And it was during this second phase of his career that he produced some of his finest works, like The Constant Gardener, Absolute Friends and A Delicate Truth, quietly reiterating the fact that he is today not merely a great writer of spy fiction, but a great writer of literary fiction.
Indeed, a question that is sometimes asked is, when will Le Carré win a Nobel Prize? Or will he be denied it, as Graham Greene was?
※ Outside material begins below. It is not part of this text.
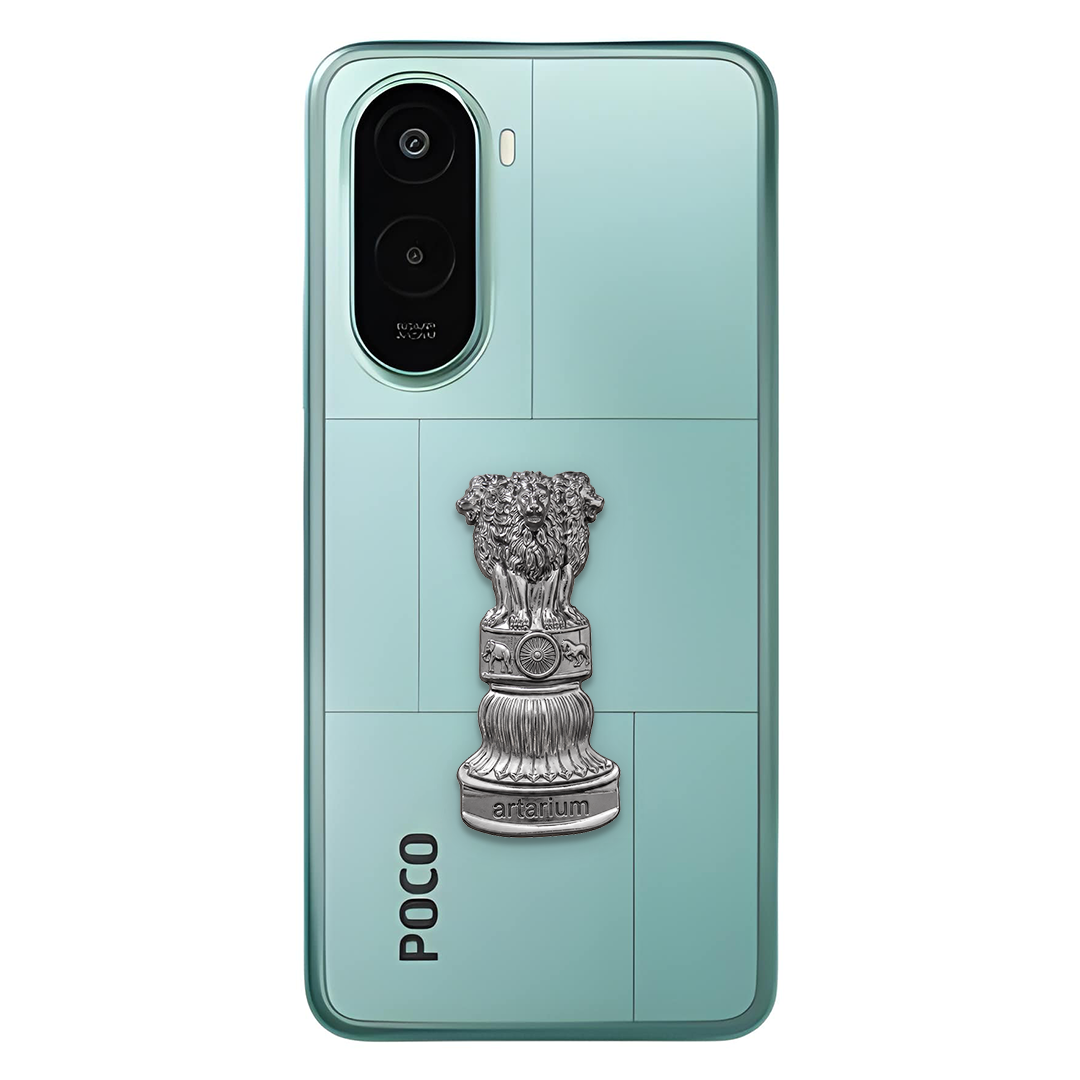 Poco M7 Plus 5G Compatible Satyamev Jayate 3D Metal Emblem Sticker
Short stories by a master storyteller
The Pigeon Tunnel, Le Carré’s new book, has been called a memoir, but it’s more like a set of short stories culled from a remarkable life. As a memoir, it is actually somewhat redundant, because just last year, Adam Sisman wrote a definitive 600-plus-page biography of Le Carré, with his full co-operation. So this new book doesn’t tell us very much that we didn’t already know. But, read as a collection of short stories, told by a master story-teller, it holds us spellbound.
One puts down the book with a kind of sadness, however, for one can’t help get the feeling that it could be Le Carré’s swan song. He is, after all, 86 now, and has been writing his bestselling books for over half a century. Sooner rather than later, the inevitable must happen, and Le Carré will, like Alec Leamas, the protagonist of The Spy Who Came in From the Cold, finally arrive at a kind of Berlin Wall of his own.
And then, right at the end – I like to imagine – he will, as Leamas did, very fleetingly see a small car smashed between two great lorries, and a couple of small children waving cheerfully through the window. If you’re a Le Carré fan, you will know what I mean.
The Pigeon Tunnel, John le Carré, Penguin Viking.